Há duas décadas a Otan trazia do céu a liberdade… à bomba

A 29 de fevereiro de 1992, na Bósnia (parte integrante da Iugoslávia), após forte pressão dos países da Otan, realiza-se um referendo sobre a constituição de um Estado independente, apesar de se saber que um terço da população da região – os Sérvios – não apoia este modelo de Estado. Estavam criadas as condições para a ascensão de tensões étnicas que conduziriam a uma longa guerra civil.

Em meados de Abril de 1994, inicia-se a ocupação militar da Bósnia pela Otan no quadro da chamada “parceria para a paz”. No ano seguinte, em Agosto, e com o pretexto de a artilharia sérvia ter morto 41 pessoas, a Otan avança com a maior ofensiva até ali desencadeada nos Balcãs. Mais de 60 aviões de guerra atacam posições sérvias na região de Sarajevo.

Em Maio de 1995, o Exército croata, de colaboração com a ONU, ocupa uma das quatro regiões da Croácia habitadas por Sérvios. Nesse mesmo mês, aviões da Otan atacam posições sérvias em Pale e abrem caminho para a limpeza étnica da Kraína. Centenas de milhares de civis sérvios têm de fugir ao massacre e abandonar as suas terras e haveres.

A 21 de Marco de 1999, com o pretexto de evitar uma “catástrofe humanitária” no Kosovo, a aviação da Otan ataca a Iugoslávia. O ataque da Otan provoca milhares de vítimas, inclusive entre a população civil. Durante 78 dias, Belgrado e outras cidades da Sérvia são bombardeadas, enquanto fábricas, pontes e auto-estradas são destruídas. A infra-estrutura econômica da Iugoslávia é completamente arruinada e o Kosovo é transformado num protetorado da Otan, apesar de a Resolução 1244 da ONU (1999) considerar aquele território como parte integrante da Sérvia.

A Otan constata estarem reunidas as condições para derrubar o presidente Milosevic, que tinha vindo a resistir à agressão imperialista, e vê chegada a hora de levar ao poder as forças colaboracionistas controladas pela Alemanha e pelos EUA.

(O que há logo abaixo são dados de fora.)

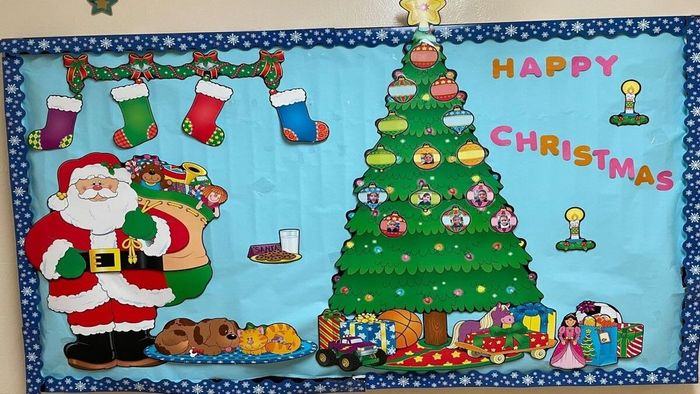 Khám phá những ý tưởng sáng tạo để trang trí bảng Noel, mang đến vẻ đẹp mới mẻ cho không gian lễ hội.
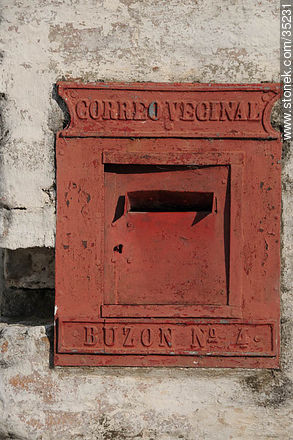 Buzón de correo vecinal - Departamento de Río Negro - URUGUAY. Foto No. 35231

O bombardeamento e a invasão da Iugoslávia por uma coligação de estados (Otan) sem que nenhum deles tenha sido agredido pela República Federal da Iugoslávia, assim como o financiamento externo de figuras políticas constituíram graves violações do direito internacional. A Resolução 45/168 da Assembleia Geral da ONU proíbe a qualquer Estado “o financiamento de partidos ou grupos políticos e todo o tipo de atividade que possam desfigurar o processo eleitoral”.

Com a liquidação da Iugoslávia (com as respectivas e sistemáticas secessões promovidas pelos EUA, a Otan e a União Europeia), a concretização do principal objetivo da agressão era agora mais fácil de atingir: impor o domínio imperialista nos Balcãs. A restauração capitalista naquela região tem vindo a provocar a miséria crescente dos povos da ex-Iugoslávia. A lei das privatizações de Maio de 2001 deu o golpe final na economia sérvia e inaugurou a sua venda ao desbarato.

O principal centro de produção metalúrgico, a fábrica SARTID em Smeredo, incluindo as intalações do porto do Danúbio, foram entregues ao grupo norte-americano US Steel por apenas 23 milhões de dólares. Os impérios do tabaco Philipe Morris e British American Tobaco apoderam-se das maiores fábricas de cigarros em Nis e Vranje. Os quatro maiores bancos sérvios (Beobanka, Iugobanka, Investbanka e Beograska Banka) foram encerrados e substituídos por bancos privados, onde predomina o banco austríaco Raiffeinsenzentralbank ligado à Alemanha.

Consumado o golpe, estava aberto o caminho para a condenação moral, política e finalmente judicial dos vencidos pelos vencedores.